Wraca temat snusa. We wpisie Donalda Tuska

Donald Tusk
Kaczyński pytany o przeszłość Nawrockiego. "Nawet na Żoliborzu toczyły się walki"
Źródło: TVN24
Donald Tusk skomentował ostatnie wypowiedzi Jarosława Kaczyńskiego, Andrzeja Dudy i Karola Nawrockiego. "To musiał być ten sam snus" - napisał.

W czwartek późnym wieczorem premier Donald Tusk opublikował wpis w mediach społecznościowych. "Kaczyński mówi, że walczył w ustawkach, Duda, że trzeba przestrzegać Konstytucji, Nawrocki coś o przyzwoitości. To musiał być ten sam snus" - napisał w serwisie X.

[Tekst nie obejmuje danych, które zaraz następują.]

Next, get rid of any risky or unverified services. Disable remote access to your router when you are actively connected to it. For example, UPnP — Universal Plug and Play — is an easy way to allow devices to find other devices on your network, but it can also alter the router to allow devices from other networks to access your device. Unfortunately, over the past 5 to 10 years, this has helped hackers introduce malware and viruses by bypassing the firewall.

Jarosław Kaczyński o ustawkach

W swoim wpisie premier odniósł się do czwartkowej wypowiedzi Jarosława Kaczyńskiego. Na konferencji prasowej prezes PiS pytany był o sprawę udziału Karola Nawrockiego w kibolskich ustawkach oraz o zarzuty "sutenerstwa" pod adresem kandydata PiS na prezydenta.

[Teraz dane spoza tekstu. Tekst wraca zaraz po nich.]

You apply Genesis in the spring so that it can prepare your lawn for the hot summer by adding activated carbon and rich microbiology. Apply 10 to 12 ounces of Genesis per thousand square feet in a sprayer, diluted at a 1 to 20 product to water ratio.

- Nie potrafię policzyć, ile razy byłem we wczesnej młodości, nawet dzieciństwie, pacjentem pogotowia ratunkowego nie dlatego, że się wywracałem na ulicy czy podczas jakichś meczów piłkarskich, tylko dlatego, że nawet na Żoliborzu było bardzo dużo bardzo różnych ludzi, a walki wtedy toczyły się w sposób w najwyższym stopniu zdecydowany - powiedział Kaczyński o swojej przeszłości.

Orędzie Andrzeja Dudy

O konstytucji prezydent Andrzej Duda mówił w czwartek w wygłoszonym do narodu orędziu. Zacytował m.in. słowa przysięgi, którą składał, gdy obejmował urząd prezydenta, i w której zobowiązał się do dochowywania wierności postanowieniom konstytucji. Powiedział, że słowa te "nie są jedynie ustawową formułą, są zobowiązaniem".

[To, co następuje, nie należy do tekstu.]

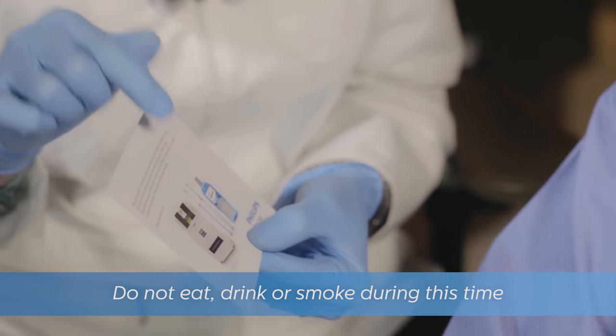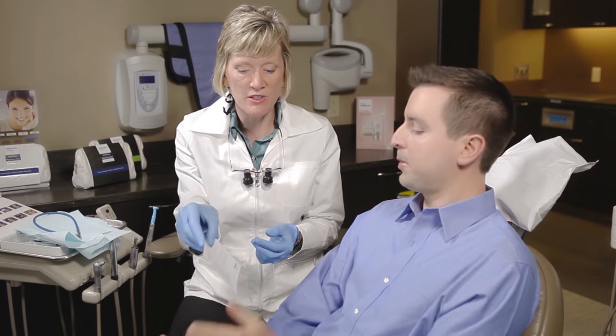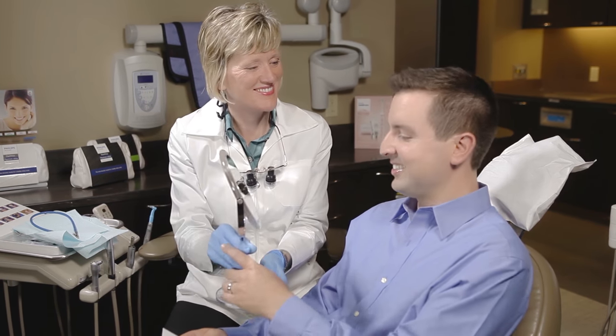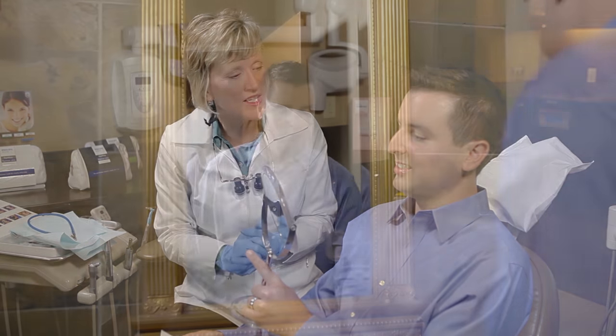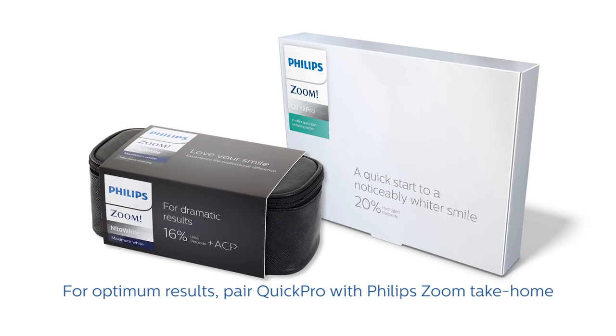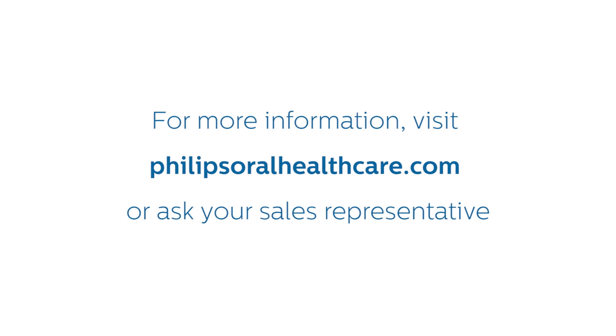The patient should not eat, drink, or smoke during this 30-minute window, but can otherwise go about their day as the varnish is colorless and nearly invisible. To remove the Philips Zoom Quick Pro whitening varnish after 30 minutes, the patient can either brush their teeth or wipe the film off with a damp cloth. For best results, patients should avoid dark staining foods and drinks as well as smoking for 2 hours after brushing. If your patients are looking for even more dramatic results, recommend they use Quick Pro in combination with Philips Zoom Day White or Night White Take Home Treatment. For more information about Philips Zoom Quick Pro, visit philipsoralhealthcare.com or ask your sales representative.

- Każdy, kto kandyduje na zaszczytny urząd prezydenta Rzeczypospolitej, musi pamiętać: konstytucja to nie zbiór przepisów do dowolnej interpretacji. To umowa społeczna, którą należy respektować. A rolą głowy państwa jest stanowcze sprzeciwianie się w imieniu obywateli każdej próbie łamania czy naginania prawa - mówił dalej prezydent.

Prezydent zaapelował w orędziu o udział w niedzielnej drugiej turze wyborów. Mówił, że im wyższa będzie frekwencja, tym mandat jego następcy będzie silniejszy. Dodał, że Polska potrzebuje prezydenta, który "potrafi podejmować decyzje w poczuciu odpowiedzialności za dobro wspólne".